Autoscaling ML Workloads with ServiceMonitor Metrics

Question

Pulumi · Accepted Answer

Autoscaling machine learning (ML) workloads is essential for managing resources efficiently and ensuring that your ML models have enough computing power when needed, while minimizing costs during periods of low usage. To achieve this, you'll typically monitor certain metrics that indicate the workload's performance and demand, and scale your resources based on those metrics.

In Kubernetes, the `HorizontalPodAutoscaler` is a resource that automatically scales the number of pod replicas in a deployment or replicaset based on observed CPU utilization or custom metrics. When working with ML workloads, you might want to autoscale based on custom metrics, perhaps those exposed by a `ServiceMonitor` if you're using Prometheus for monitoring. This typically requires setting up custom metrics support for the horizontal pod autoscaler in your Kubernetes cluster.

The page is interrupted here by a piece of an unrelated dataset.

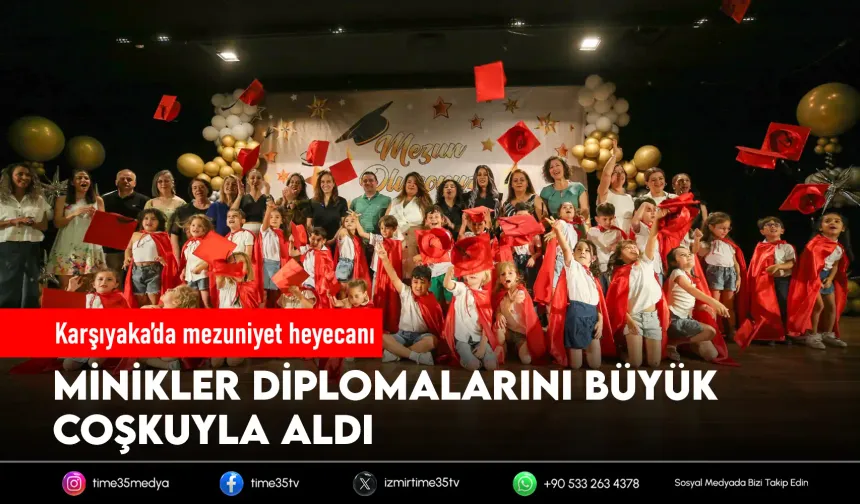 Karşıyaka’da miniklerin mezuniyet heyecanı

Below is a Pulumi program using Python that demonstrates how you would define a `HorizontalPodAutoscaler` that scales based on custom metrics from a `ServiceMonitor`. This example assumes that you have a functioning Kubernetes cluster with Prometheus and the custom metrics API installed and configured.

```python
import pulumi
import pulumi_kubernetes as k8s

# The name of your Kubernetes deployment that you want to autoscale.
deployment_name = 'ml-workload-deployment'

# Specification for the HorizontalPodAutoscaler that uses custom metrics.
hpa = k8s.autoscaling.v2beta2.HorizontalPodAutoscaler(
    'ml-workload-hpa',
    metadata=k8s.meta.v1.ObjectMetaArgs(
        name='ml-workload-hpa',
        namespace='default', # Adjust the namespace according to your setup.
    ),
    spec=k8s.autoscaling.v2beta2.HorizontalPodAutoscalerSpecArgs(
        scale_target_ref=k8s.autoscaling.v2beta2.CrossVersionObjectReferenceArgs(
            kind='Deployment',
            name=deployment_name,
            api_version='apps/v1',
        ),
        min_replicas=1, # Minimum number of replicas.
        max_replicas=10, # Maximum number of replicas.
        metrics=[k8s.autoscaling.v2beta2.MetricSpecArgs(
            type='Object', # For custom metrics, use type "Object."
            object=k8s.autoscaling.v2beta2.ObjectMetricSourceArgs(
                metric=k8s.autoscaling.v2beta2.MetricIdentifierArgs(
                    name='service_monitor_metric_name', # Replace with your ServiceMonitor metric name.
                    selector=k8s.meta.v1.LabelSelectorArgs(
                        match_labels={
                            'key': 'value', # Specify the labels that the ServiceMonitor uses.
                        },
                    ),
                ),
                target=k8s.autoscaling.v2beta2.MetricTargetArgs(
                    type='Value', # Use 'Value' or 'AverageValue' based on the metric type.
                    value='100', # Specify the target value for your custom metric.
                ),
                described_object=k8s.autoscaling.v2beta2.CrossVersionObjectReferenceArgs(
                    kind='Service',
                    name='ml-workload-service', # Name of the service that the metric is coming from.
                    api_version='v1',
                ),
            ),
        )],
    ),
)

# Export the name of the HPA
pulumi.export('hpa_name', hpa.metadata.apply(lambda metadata: metadata.name))

```

This code does the following steps:
- Imports the necessary Pulumi modules.
- Creates a `HorizontalPodAutoscaler` named `ml-workload-hpa` that targets a deployment called `ml-workload-deployment`.
- Configures the autoscaler to have a minimum of 1 replica and a maximum of 10 replicas.
- Specifies the metrics to be used for autoscaling. In this case, it's a custom metric named `service_monitor_metric_name` from a `Service` named `ml-workload-service`.
- Exports the name of the `HorizontalPodAutoscaler` so that you can reference it externally if needed.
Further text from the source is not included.